Provided material below:
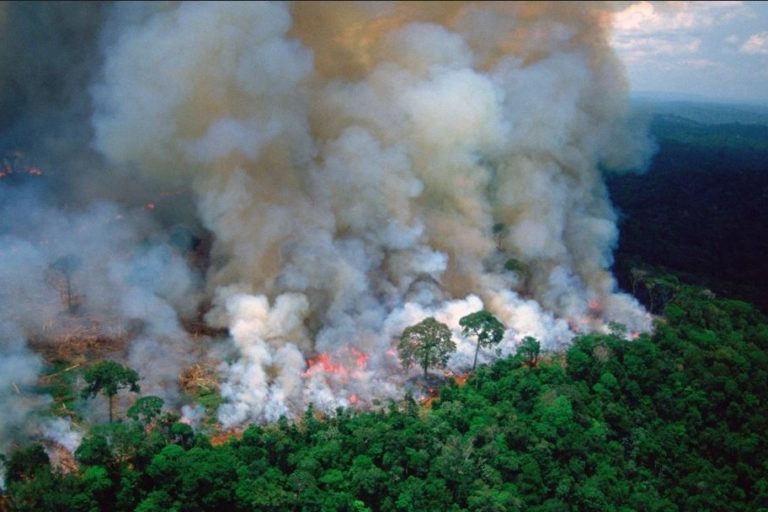 Stop Amazon Rainforest Deforestation – Sponsored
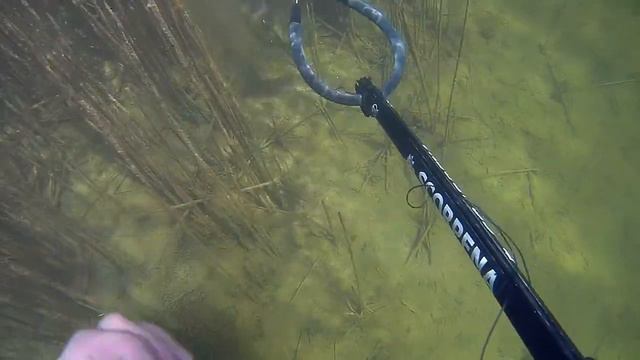 Underwater Hunting. Подводная охота. 2 shoots :) смотреть онлайн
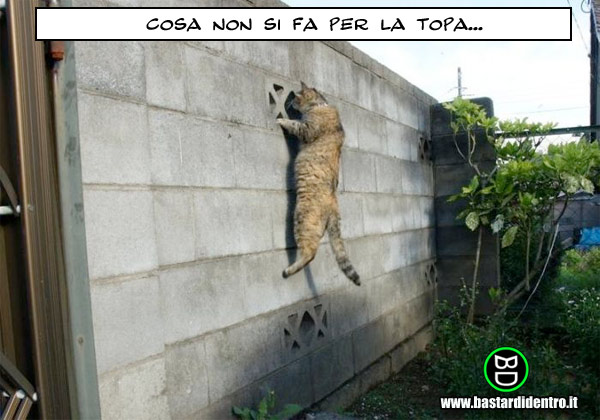 BD1707-Cosa-non-si-fa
End of Provided material.
When you copy the data above, reproduce each line exactly and skip every image.

 Stop Amazon Rainforest Deforestation – Sponsored
 Underwater Hunting. Подводная охота. 2 shoots :) смотреть онлайн
 BD1707-Cosa-non-si-fa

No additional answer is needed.